--- Given information Enclosed Below ---

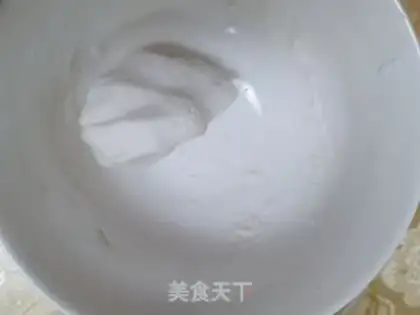 Make Crystal pumpkin step 4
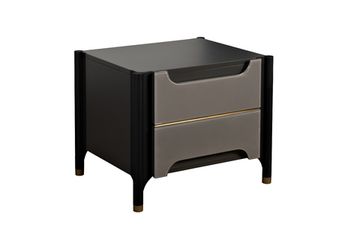 77IP-GD011-T Тумбочка Grimaldi 60*50*51см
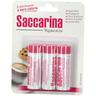 Saccarina ROBERTS® 9 g Compresse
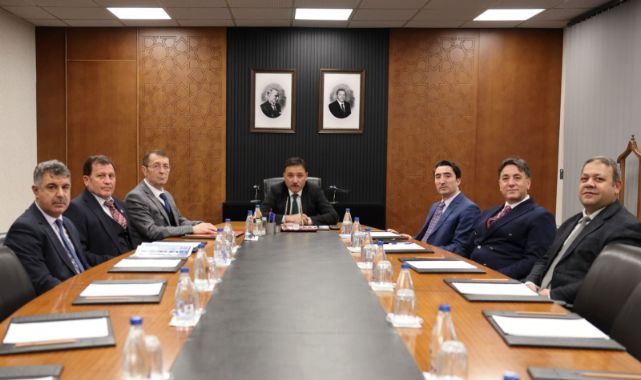 Sindelhöyük’e 2026’nın İlk Müjdesi: Dev Gençlik Merkezi ve Kütüphane İçin İmzalar Atıldı!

--- End of Enclosed Given information ---

### What is being asked
The entire listing above, word for word and without pictures, is what should be output.

### Response to this exercise
 Make Crystal pumpkin step 4
 77IP-GD011-T Тумбочка Grimaldi 60*50*51см
 Saccarina ROBERTS® 9 g Compresse
 Sindelhöyük’e 2026’nın İlk Müjdesi: Dev Gençlik Merkezi ve Kütüphane İçin İmzalar Atıldı!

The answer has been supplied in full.